TP4 for this checkpoint is not yet benched — see To-do. Given W4A8-TP2 already leads on both TTFT and per-GPU, W4A8-TP4 is the most likely config to beat the FP8-TP4 892 ms absolute latency.

Why the activation-precision lever doesn't help

At prefill batch sizes, the DeepSeek-V4-Flash MoE (top-6 of 256 small experts) is weight-bandwidth-bound, not compute-bound on the expert GEMM. INT4 weights are already the bandwidth-optimal format, and Marlin's INT4→BF16 path already matches the Cutlass W4A8 kernel in practice. Switching activations from BF16/FP8-implicit to FP8 changes the activation precision but not the dominant cost. The compute-bound portion of prefill is dominated by format-shared work — FP8-block MLA attention and the sparse / Lightning-indexer passes over long context — which is identical across all three checkpoints.

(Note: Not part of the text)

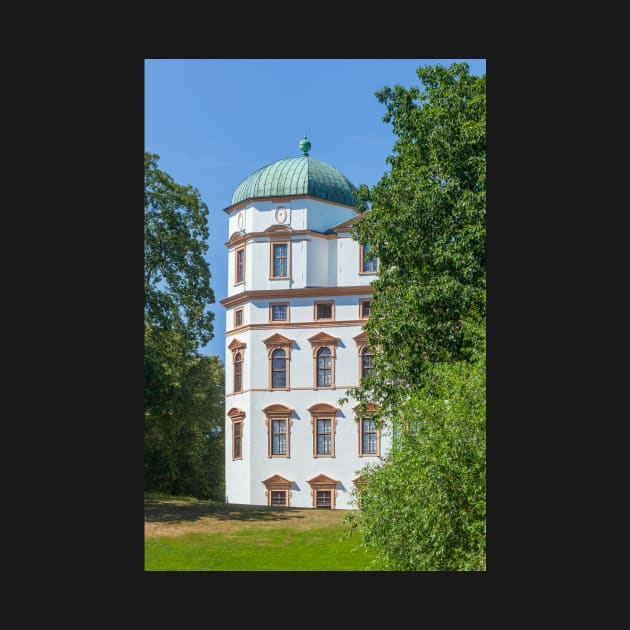 Ducal Castle, Celle, Lüneburg Heath, Lower Saxony, Germany by Kruegerfoto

The prefill ceiling is architectural on Hopper

  • Prefill scales linearly above 8k tokens (+547 ms per +8k) with GPUs at ~100% util and ~690 W (near TDP) → tensor-core-bound, not launch- or attention-quadratic-bound.
  • The two kernel improvements that would help — native NVFP4 MoE GEMM and the FP4 Lightning-indexer cache — are Blackwell-only (SM100). On Hopper, sglang/vLLM fall back to Marlin.
  • A W4A8 SM90 grouped-GEMM tuned for the DeepSeek-V4 MoE path is unimplemented upstream (relevant issues closed inactive). Even so, the wash above suggests it would offer little at prefill batch-M.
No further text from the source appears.